June 6, 2011 Knowing Things¶
By Jeff Schenk
Note
Way too much heckling and too many comments from one person who kept taking him off topic so I asked Jeff to not take so many questions. That did not go over well with the hecklers, but actually asking on the mailing list uncovered a serious problem in the user group. Now things are better.
Ad.ly’s story¶
- Kinda knowing things is easy
- Really knowing with certainty a lot of complex things is maybe harder
- Need to know things with precision is really important
Thing Types¶
- Integers (how many people clicked)
- Strings
- Booleans
- Bling (money)
- Time
Bling¶
Do you want to misplace money and get fired? No?

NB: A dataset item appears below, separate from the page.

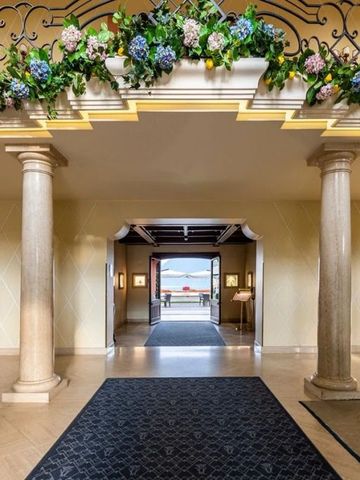 Eleganter Lobbyeingang mit Blumenarrangement und Säulen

Use Decimal:
from decimal import Decimal
moneys = Decimal('100.01')
Decimal oddities in rounding so use quantize:
>>> moneys / 2
Decimal('50.005') # Copied something wrong here..
# so use quantize
>>> (moneys / 2).quantize('001')
Decimal('50.005') # ... or maybe here cause these numbers are the same
Time¶
- Timezones suck
- Computers like integers
- So they use hours since epoch
- all the work is done in about 10 lines of Python code.
Storage¶
SQL
- Joins are death
- If you join, you will die
- intelligent index are super
- if you’re going to group bu it or filter on it, you probably want it indexed.
Pre-Aggregate
- When you’re working with a lot of data, you need to aggregate chunks as you go.
- My Guess: A lot of Celery tasks!
- Spooned into a single report table that breaks normalization
heapq¶
Algorithms makes merging of iterables really powerful:
import heapq
for result in heapq.merge(query1, query2):
# merge results and know they are in order
print(result)
Caching is key!¶
- They need flexibility to slice and dice the data
- Once its been sliced, they want to be able to view, page, and sort the data
- Redis gives the speed of cache with the power to sort and page
- They use redis-py as their library
Questions¶
- Test coverage?